(Reuters) - An estimated 400 million people worldwide lack access to at least one of seven essential health services, ranging from pregnancy care to clean water, according to a report released on Friday by the World Health Organization and World Bank.
At the same time, more people have access to essential health services than ever before, the report said, though coverage gaps remain.
The report, which examined surveys from 37 nations conducted between 2002 and 2012, is the first to track progress toward universal health coverage.
The goal of universal coverage, which would mean all citizens would have access to health services without experiencing financial hardship to pay for them, is likely to be included in the United Nations’ upcoming Sustainable Development Goals.

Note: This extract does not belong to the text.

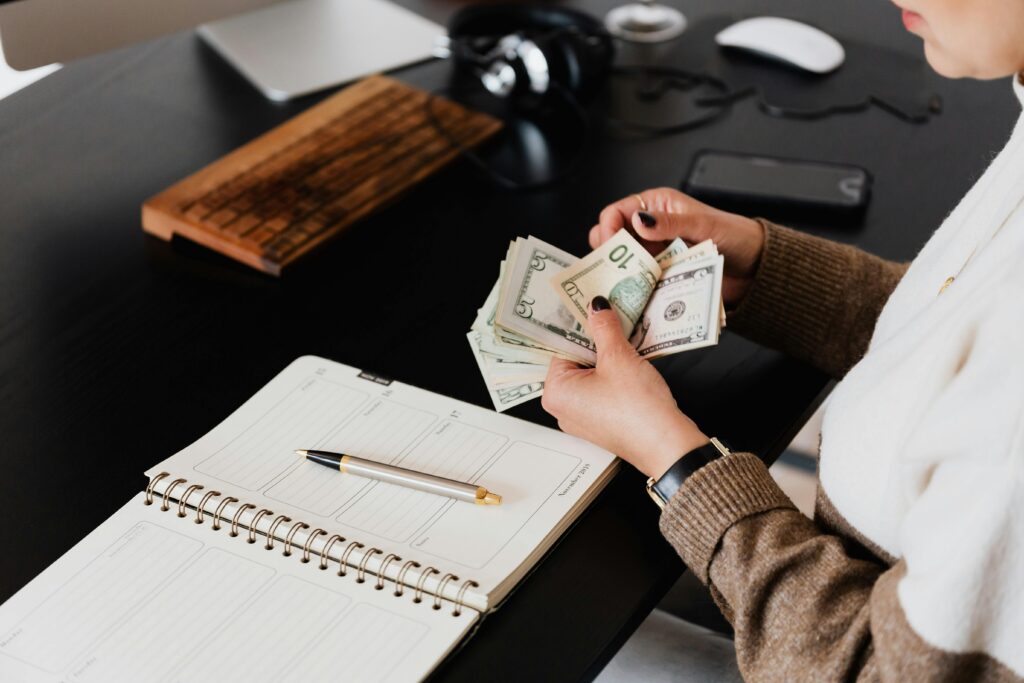 pexels-photo-4475527-4475527 Person counting money at a desk with a planner, showcasing financial management and budgeting in a modern office setting.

The report found a median of 1.8 percent of people had experienced “catastrophic health spending” – costs totaling more than one-quarter of household expenditures – in the previous year, while 6 percent tipped or fell further below the extreme poverty line of $1.25 per day because of healthcare costs. When the poverty measure was raised to $2, that number climbed to 17 percent.
Still, a sub-survey of 23 countries accounting for one-eighth of the world’s population found the proportion of people suffering catastrophic payments dropped 29 percent between 2000 and 2011. Impoverishing payments fell 24 percent over the same period.
The report suggested universal health coverage is an achievable goal and showed that progress has been made toward it. The aim has been controversial, particularly in some advanced nations including the United States, where debate persists over the structure, funding and feasibility of a universal program.